Une fragile inversion de tendance

Après cette année 2014 négative, les premières tendances de 2015 observées par l’Observatoire des petites entreprises demeurent mesurées et ses projections pour l’ensemble de l’année, très prudentes. « Si l’activité des TPE est à l’équilibre à la fin de l’année, ce sera déjà bien », avance Yves Marmont. En effet, les frémissements constatés au niveau macroéconomique liés à la baisse de l’euro, à la diminution du prix du pétrole et à la politique monétaire européenne ne se concrétisent pas encore par un regain d’activité au niveau des TPE. « Ce qui pourrait jouer, c’est la reprise de confiance des ménages. Mais les gens sont très prudents », ajoute Yves Marmont.

Pour rappel, d’après l’étude du cabinet Altarès, publiée le 16 avril, le nombre de défaillances d’entreprises en France a augmenté de 7,6% sur un an ce premier trimestre, avec 18 134 entreprises concernées. Parmi elles, les TPE se sont révélées particulièrement fragiles. Les défaillances d’entreprises qui comptent un seul salarié ont augmenté de 54% et celles de deux salariés, de 8%...
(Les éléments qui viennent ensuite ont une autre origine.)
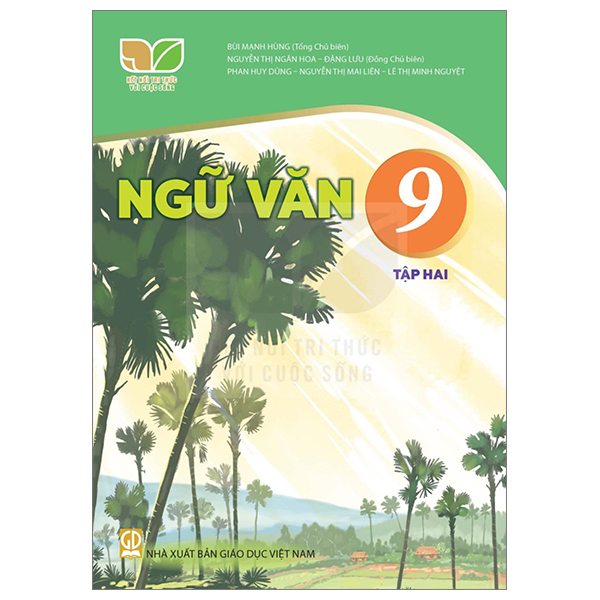 Bộ Bài Tập Toán 9 - Tập 1 (Kết Nối) (Chuẩn) - Ảnh 6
Note positive, toutefois, « on remarque une reprise de l’investissement dans les TPE. Les chefs d’entreprise ont déjà plus confiance et anticipent une reprise de l’activité. Nous avons une demande de prêts en équipement en hausse de 11% depuis le début de l’année », explique Michel Roux, directeur du développement Banque Populaire chez BPCE. Le montant moyen des prêts demandés s’élève à 15 000 euros environ et ils concernent essentiellement les aménagements de magasin dans le commerce de détail. En revanche, le secteur du bâtiment n’est pas concerné.
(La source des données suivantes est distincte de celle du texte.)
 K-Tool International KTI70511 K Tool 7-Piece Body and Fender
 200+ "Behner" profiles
Toutefois, en 2015, d’après les projections d’activité tracées par l’Observatoire des petites entreprises, ce dernier secteur devrait connaitre une amélioration relative de sa situation. Les mesures de relance, comme la simplification des normes de construction et les aides prévues dans le cadre de la transition énergétique devraient produire des effets positifs dans la seconde partie de l’année. Reste que les projections sur l’année demeurent négatives sur toutes les professions ( couverture : -0,8, menuiserie : -2%). Dans l’équipement de la maison et de la personne, de nombreuses professions pourraient devoir faire face à des évolutions d’activité qui tournent entre 0 et -2%, qu’il s’agisse de l’électroménager TV, de la chaussure ou de la lingerie, ou encore de l’horlogerie- bijouterie. Même dynamique dans les autres domaines… Aucune trace d’évolution franchement positive.
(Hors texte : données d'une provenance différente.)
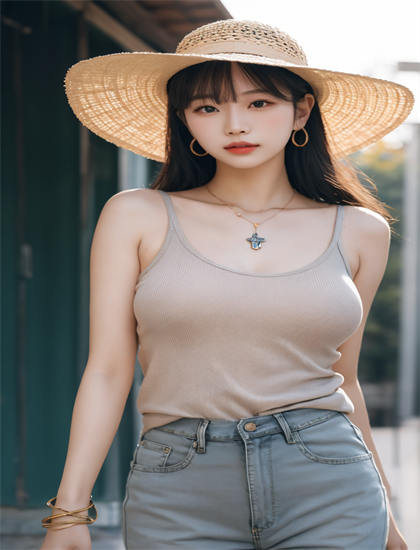 后浪全集40集在线观看_桃花视频免费观看在线播放_百丽宫小孩视频免费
Pour la FCGA, au mieux, après une mauvaise année 2014, 2015 pourrait être l’année de l’inversion de l’évolution. « Les voyants sont moins rouges que l’an dernier. Mais il faut le temps. Il reste le problème du nombre de chômeurs et les autres font attention. En France, en période de crise, on thésaurise », rappelle Yves Marmont.